Sunday, September 3, 2006

Brooke, "Making Room, Writing Hypertext."

Brooke, Collin Gifford. "Making Room, Writing Hypertext." JAC 19.2 (Spring 1999): 253-68.

With hypertext, the canon of arrangement risks fading into invention; this results from the presumption that audiences have greater agency when navigating through a hypertext, which, in turn, suggests that arrangement is comparatively inconsequential.  Brooke, however, seeks to correct this misnomer by registering an affront to the oversimple division that pits hypertext's liberatory and open-ended qualities opposite print's convention of linearity.  The canon of arrangement, that is, isn't doomed by the variability of multiple paths so long as we understand that arrangement, given its correlation to cycle (Bernstein) and pattern, intervenes between print and hypertext, each characterized at their structural extremes (containerism and free-form, respectively).
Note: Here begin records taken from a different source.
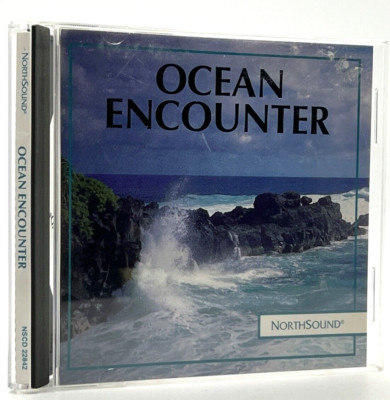 OCEAN ENCOUNTER CD NORTHSOUND 1992 HAENA LUMAHAI  HAWAII RECORDING CANADA IMPORT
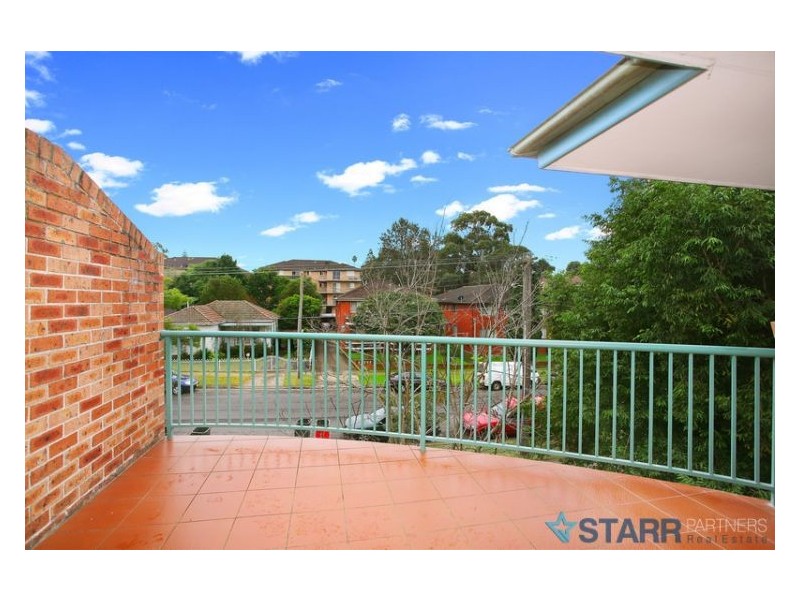 4/6-8 Birmingham Street, Merrylands NSW 2160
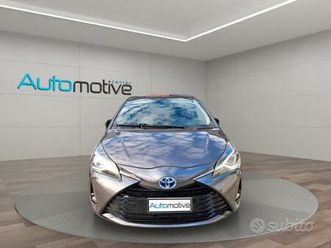 toyota yaris 1.5 hybrid 5 porte cool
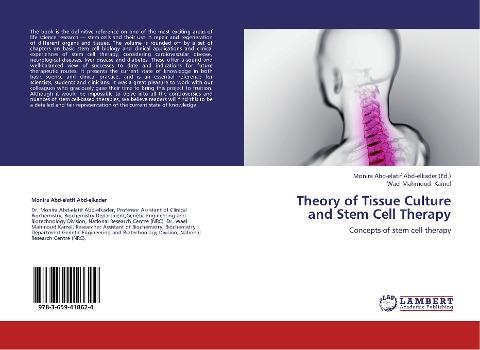 Theory of Tissue Culture and Stem Cell Therapy
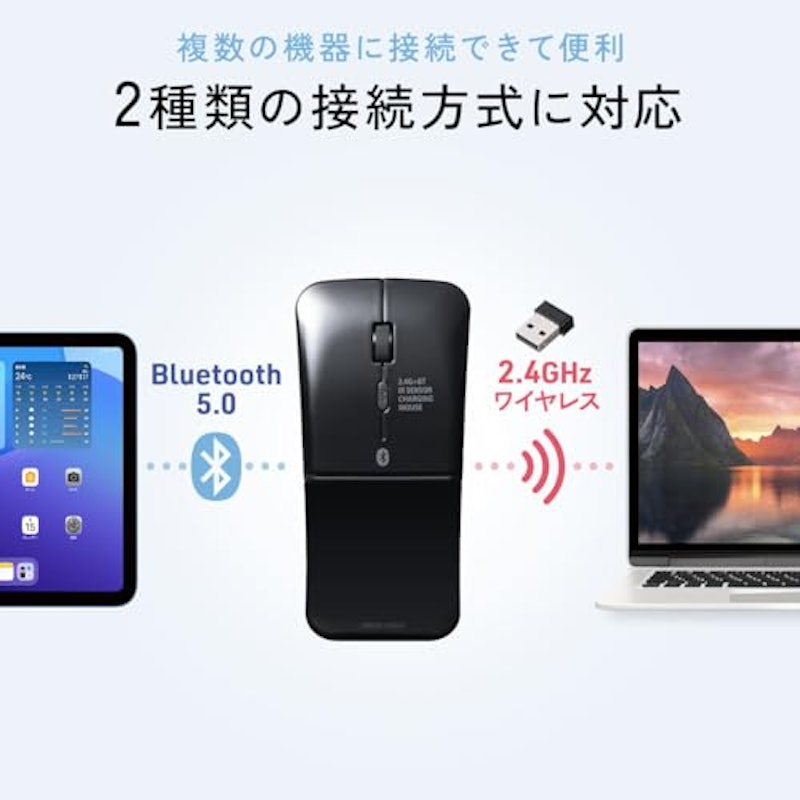 薄型マウス 5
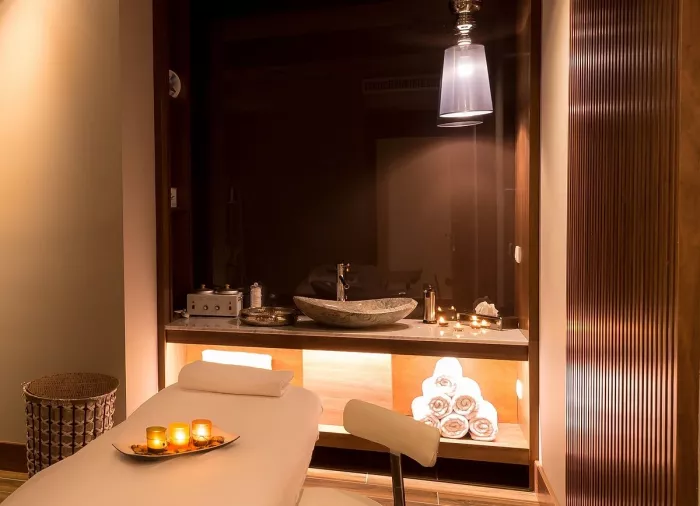 Спа комплекс "Terra SPA"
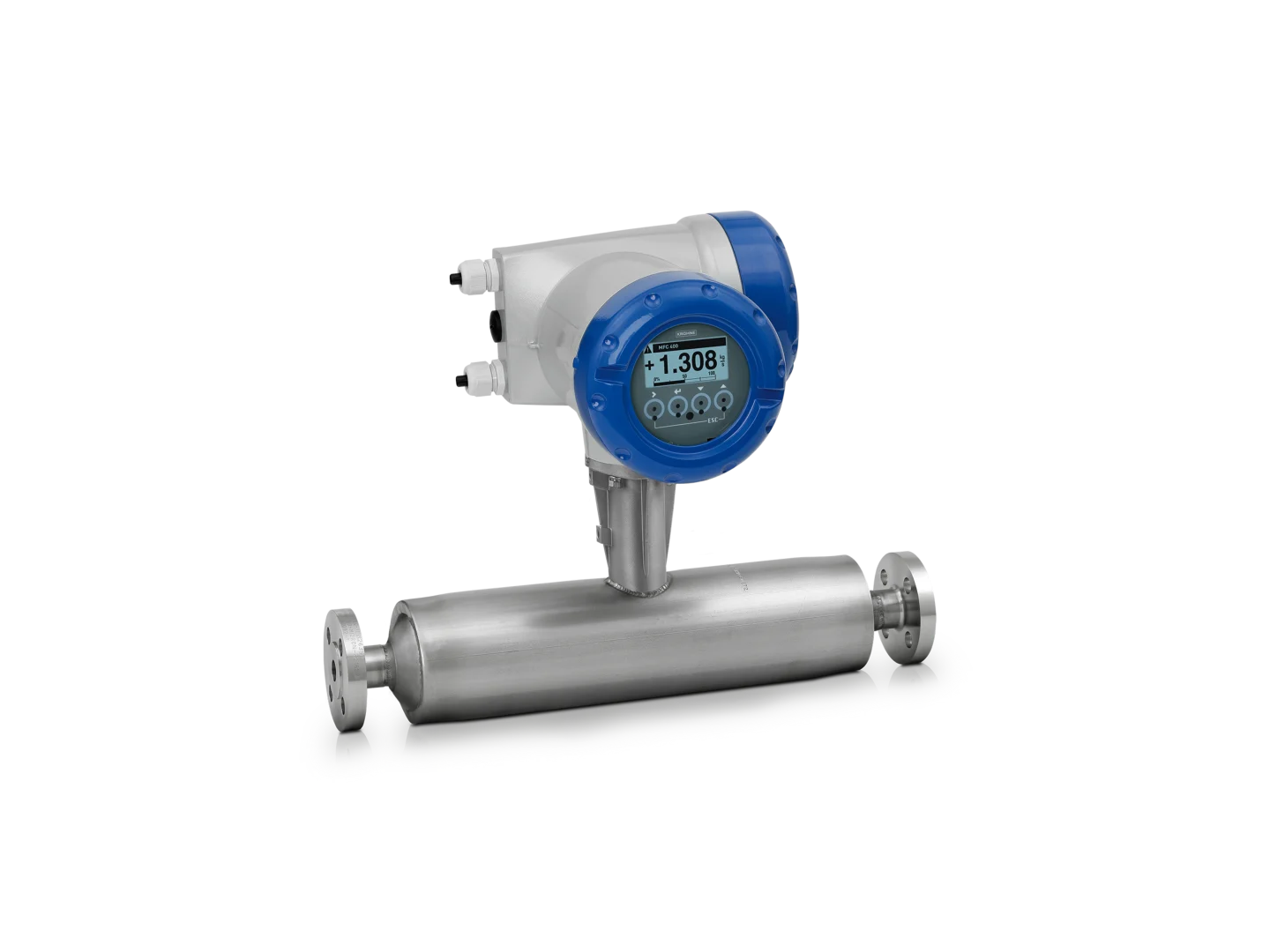 Coriolis Mass Flowmeter Optimass 1400C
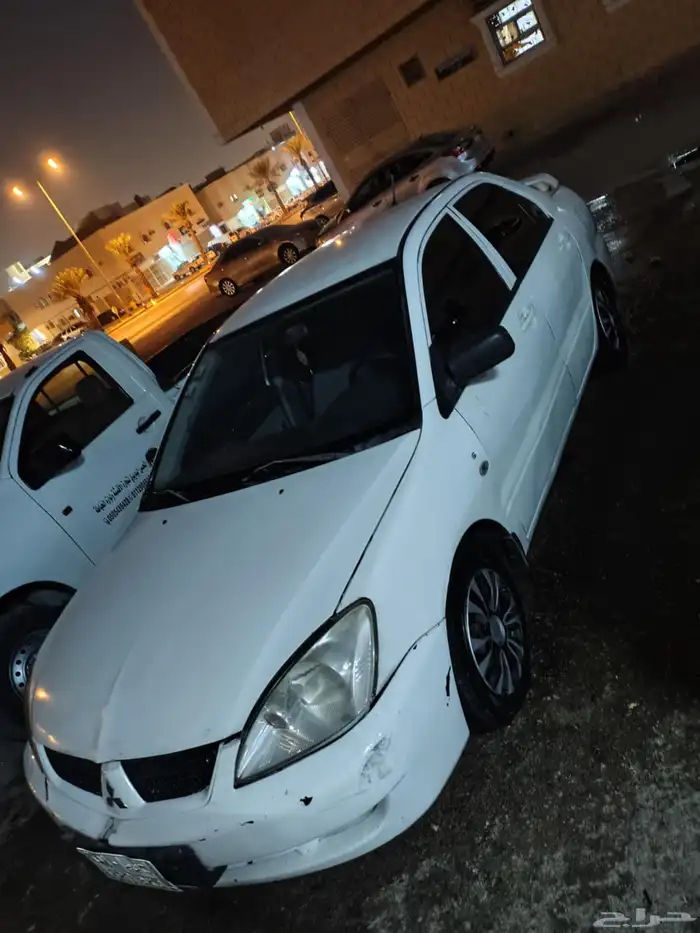 ميتسوبيشي لانسر 2007 3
With cycle and pattern as the hypertextual logics of arrangement, the problem of disorientation is less extreme and we need not abandon arrangement in "an electronic text-space" (261).

Also:

  • Mustn't rely on hypertext's novelty;
  • Readers, even with greater selective agency, are conditioned by print and related spatial expectations;
  • Lefebvre's social space: conceived, perceived, and lived;
  • Linearity does not equate to hierarchy.

"Although I am contending that there is a space-element intrinsic to all discourse, it is important to note that this element is shaped in significant ways by the technological specificity of a given discourse" (255).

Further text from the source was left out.